[REQUIREMENT]: Restate all data exactly. No images.

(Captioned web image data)
:::::

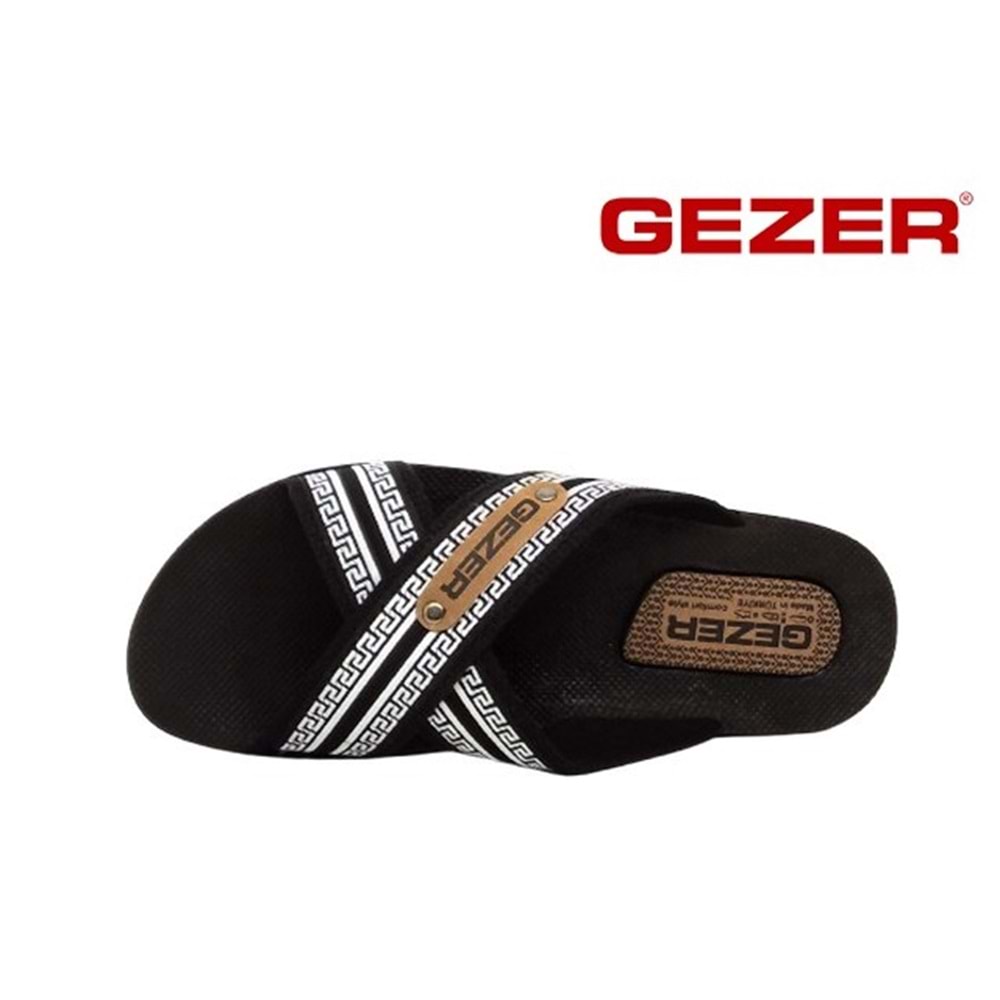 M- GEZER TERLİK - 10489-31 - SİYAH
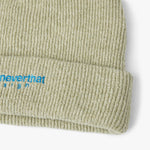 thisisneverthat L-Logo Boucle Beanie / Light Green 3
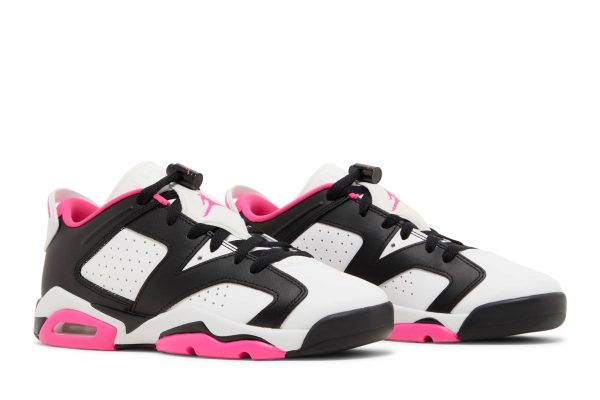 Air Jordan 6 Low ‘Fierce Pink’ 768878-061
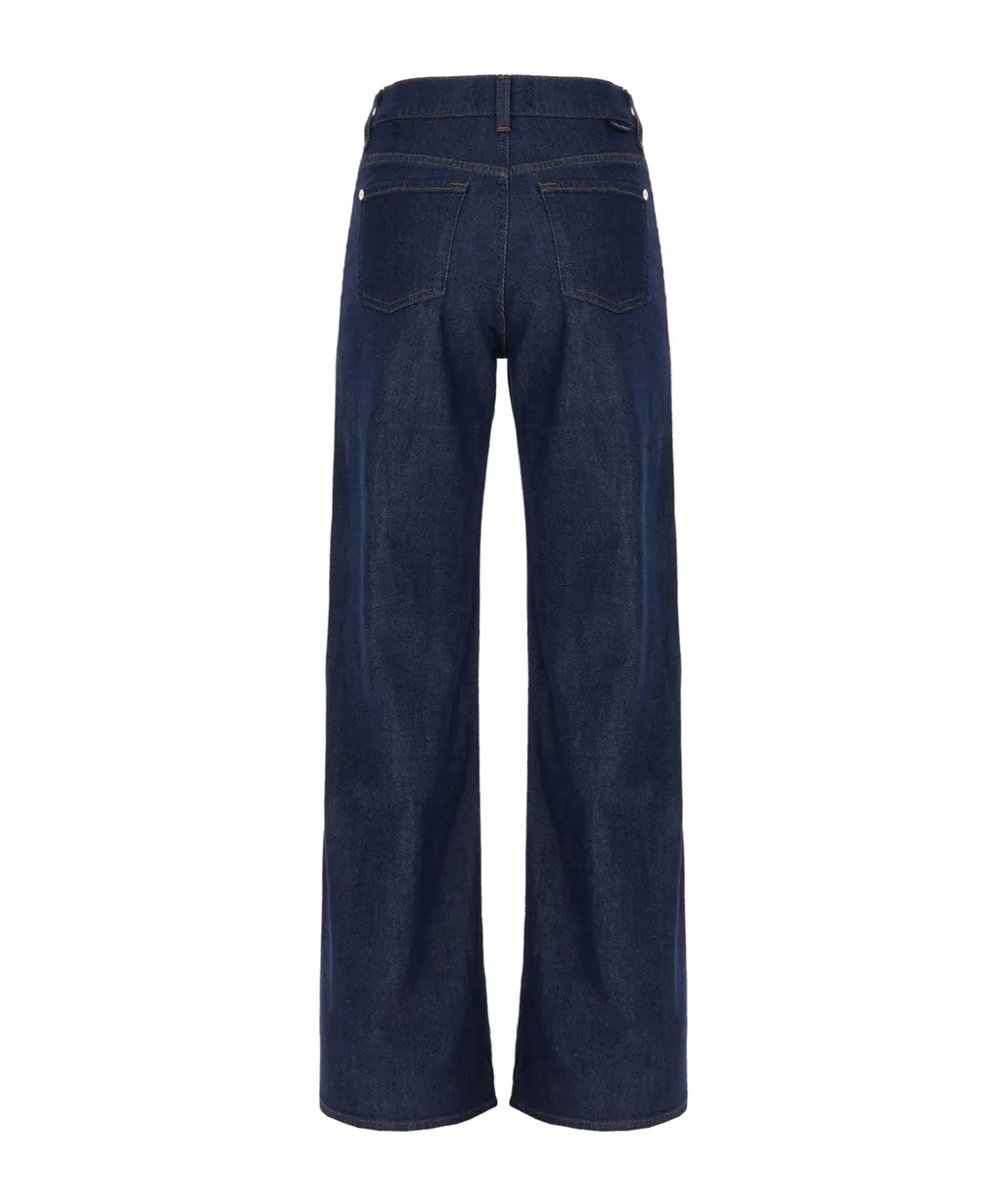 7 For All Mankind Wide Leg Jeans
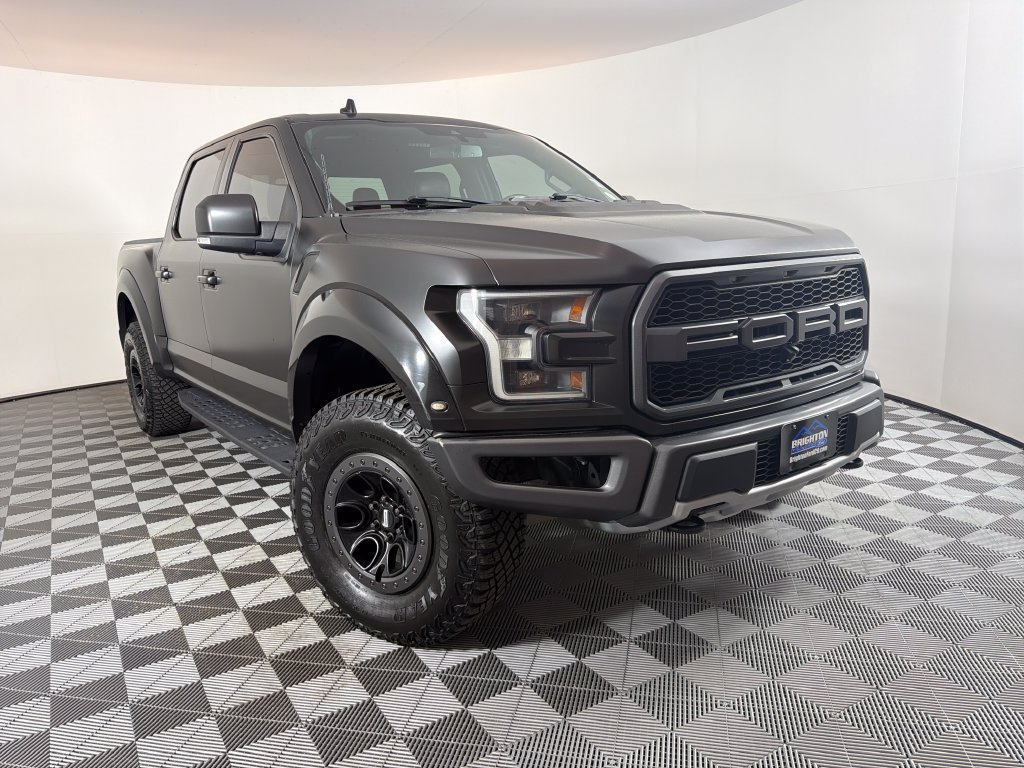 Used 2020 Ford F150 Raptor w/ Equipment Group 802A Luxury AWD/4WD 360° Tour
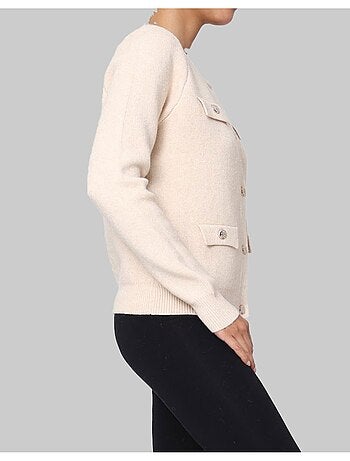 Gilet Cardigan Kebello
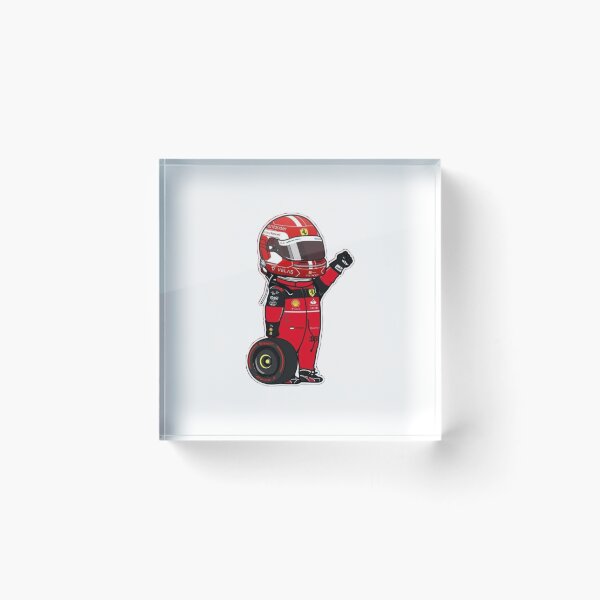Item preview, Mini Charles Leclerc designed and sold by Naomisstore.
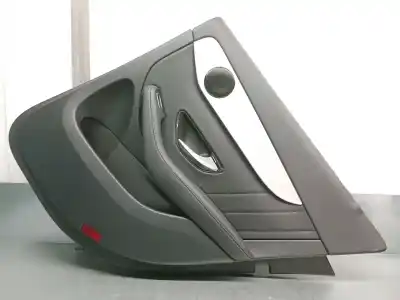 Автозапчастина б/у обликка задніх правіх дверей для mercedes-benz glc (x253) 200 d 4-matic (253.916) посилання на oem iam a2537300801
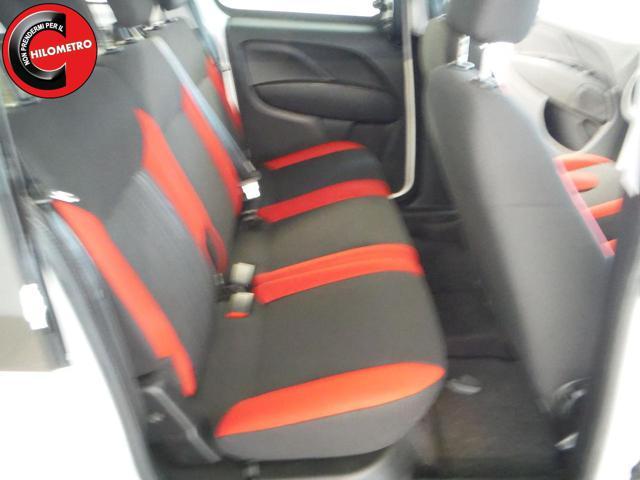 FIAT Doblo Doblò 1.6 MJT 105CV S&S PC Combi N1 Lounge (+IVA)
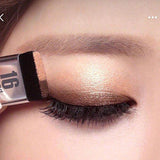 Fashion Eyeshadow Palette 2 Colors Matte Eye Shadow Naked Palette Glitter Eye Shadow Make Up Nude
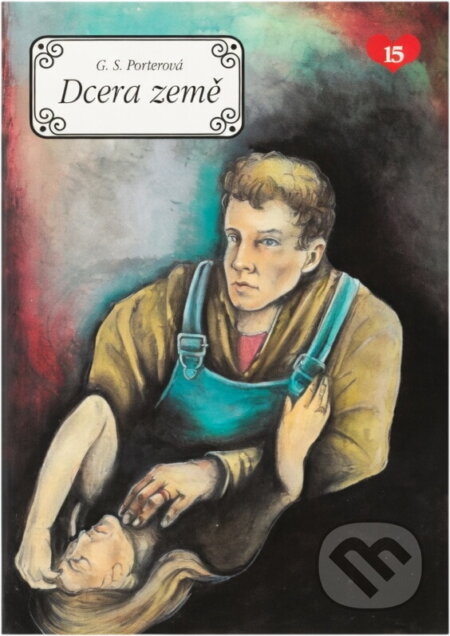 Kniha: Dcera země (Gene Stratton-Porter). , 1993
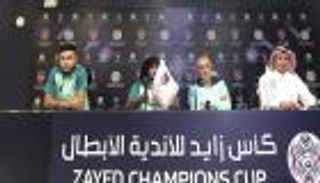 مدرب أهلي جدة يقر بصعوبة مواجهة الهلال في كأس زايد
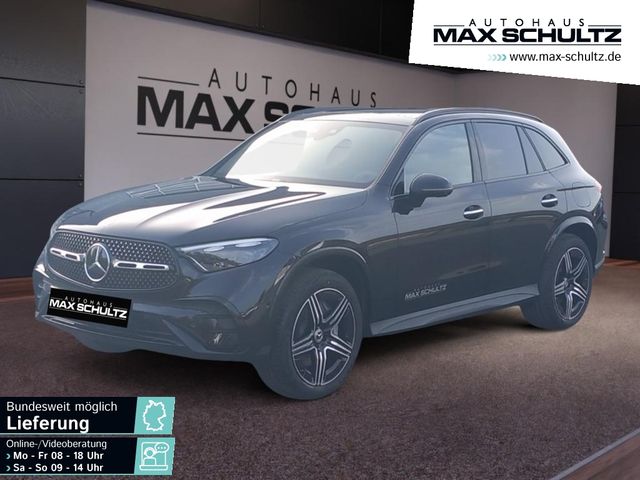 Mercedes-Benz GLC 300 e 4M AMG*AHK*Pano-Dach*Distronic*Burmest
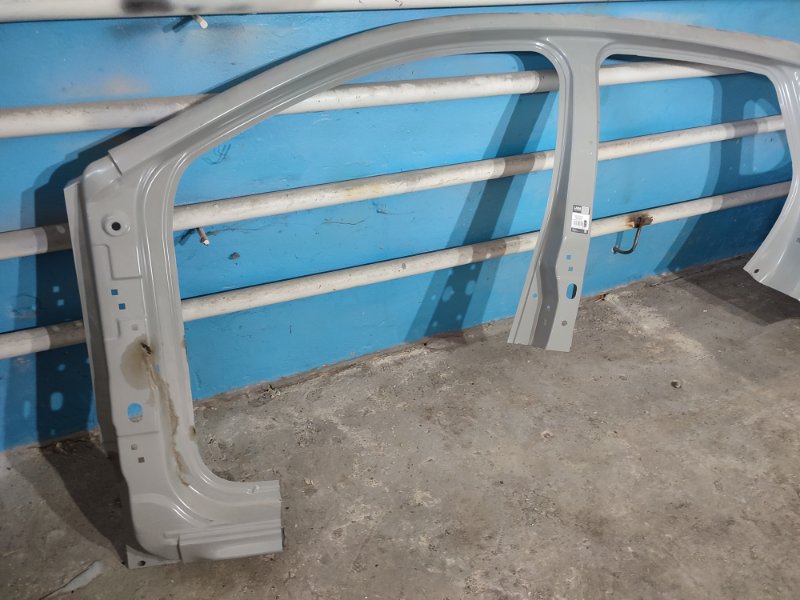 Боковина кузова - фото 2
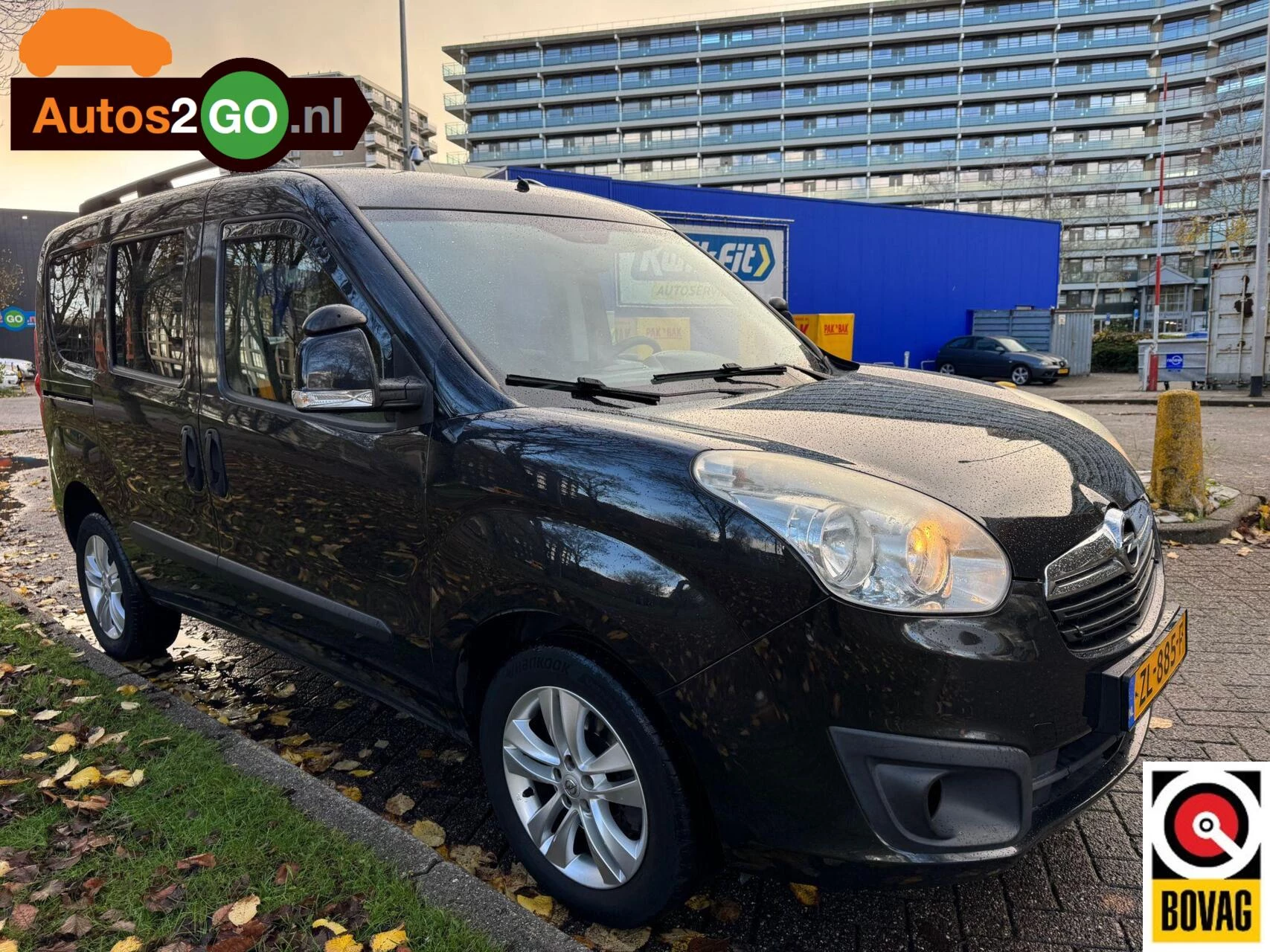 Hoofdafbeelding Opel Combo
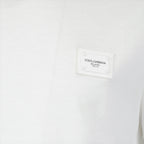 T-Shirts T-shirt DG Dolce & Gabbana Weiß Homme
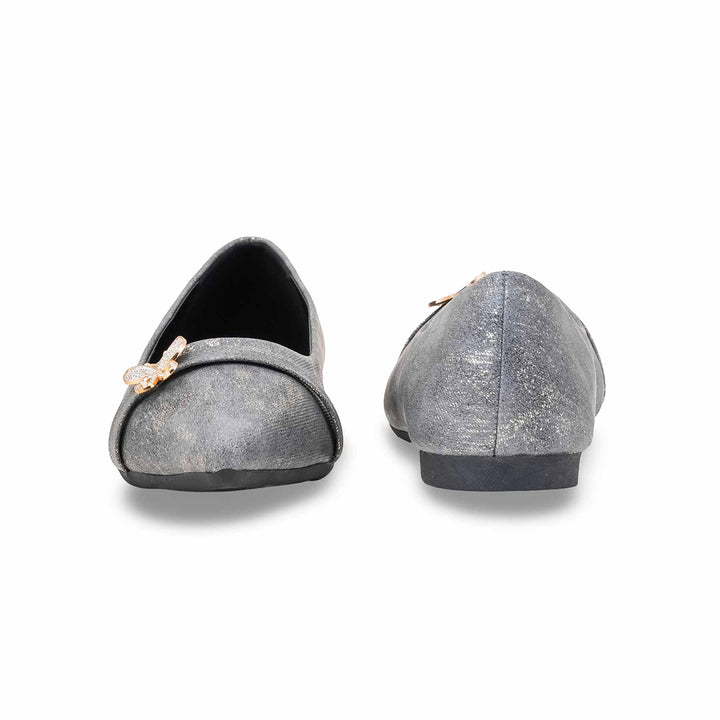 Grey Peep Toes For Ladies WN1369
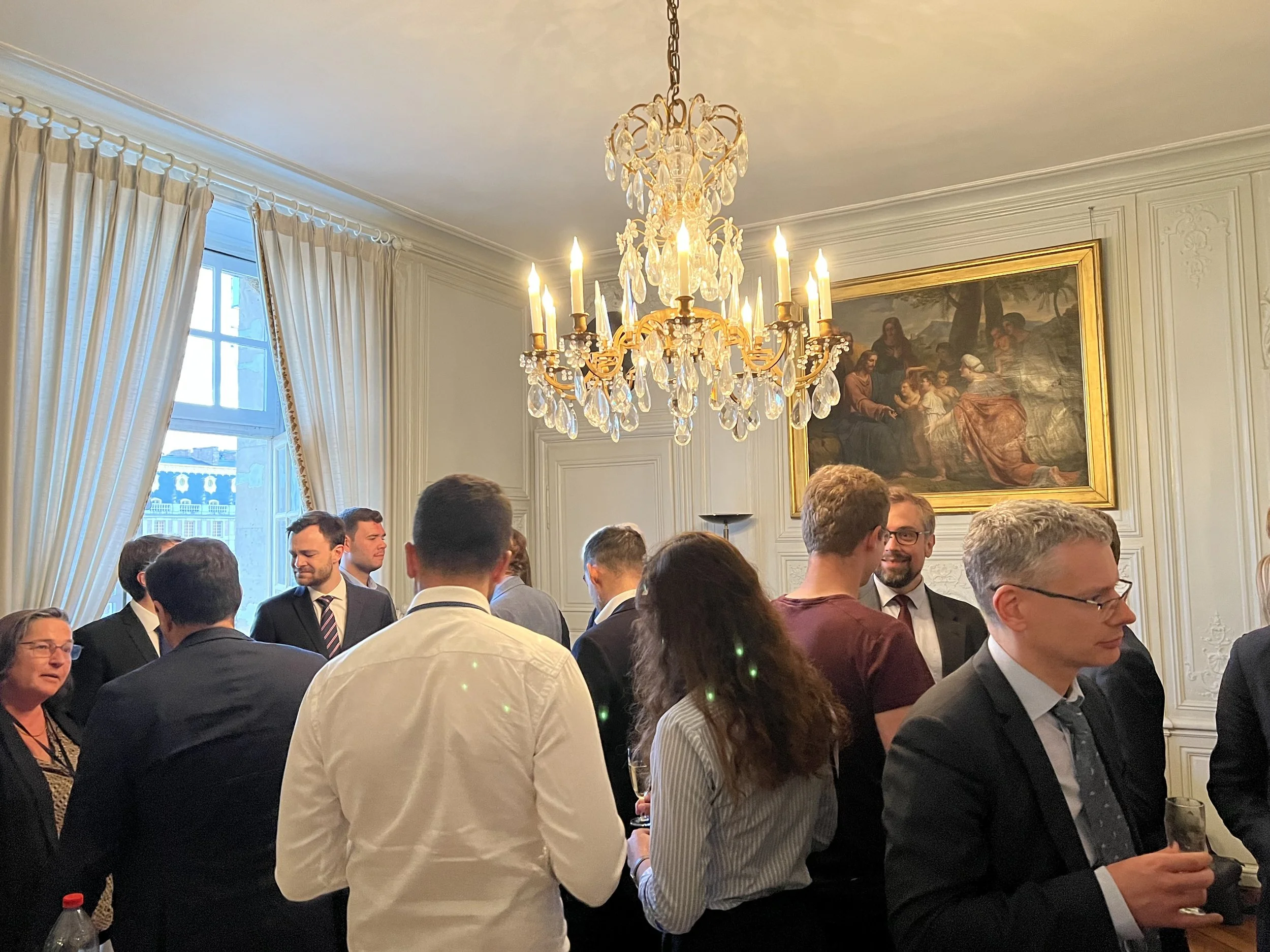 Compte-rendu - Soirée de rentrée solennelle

:::::

[COMPLETED EXERCISE]:
 M- GEZER TERLİK - 10489-31 - SİYAH
 thisisneverthat L-Logo Boucle Beanie / Light Green 3
 Air Jordan 6 Low ‘Fierce Pink’ 768878-061
 7 For All Mankind Wide Leg Jeans
 Used 2020 Ford F150 Raptor w/ Equipment Group 802A Luxury AWD/4WD 360° Tour
 Gilet Cardigan Kebello
Item preview, Mini Charles Leclerc designed and sold by Naomisstore.
 Автозапчастина б/у обликка задніх правіх дверей для mercedes-benz glc (x253) 200 d 4-matic (253.916) посилання на oem iam a2537300801
 FIAT Doblo Doblò 1.6 MJT 105CV S&S PC Combi N1 Lounge (+IVA)
 Fashion Eyeshadow Palette 2 Colors Matte Eye Shadow Naked Palette Glitter Eye Shadow Make Up Nude
 Kniha: Dcera země (Gene Stratton-Porter). , 1993
 مدرب أهلي جدة يقر بصعوبة مواجهة الهلال في كأس زايد
 Mercedes-Benz GLC 300 e 4M AMG*AHK*Pano-Dach*Distronic*Burmest
 Боковина кузова - фото 2
 Hoofdafbeelding Opel Combo
 T-Shirts T-shirt DG Dolce & Gabbana Weiß Homme
 Grey Peep Toes For Ladies WN1369
 Compte-rendu - Soirée de rentrée solennelle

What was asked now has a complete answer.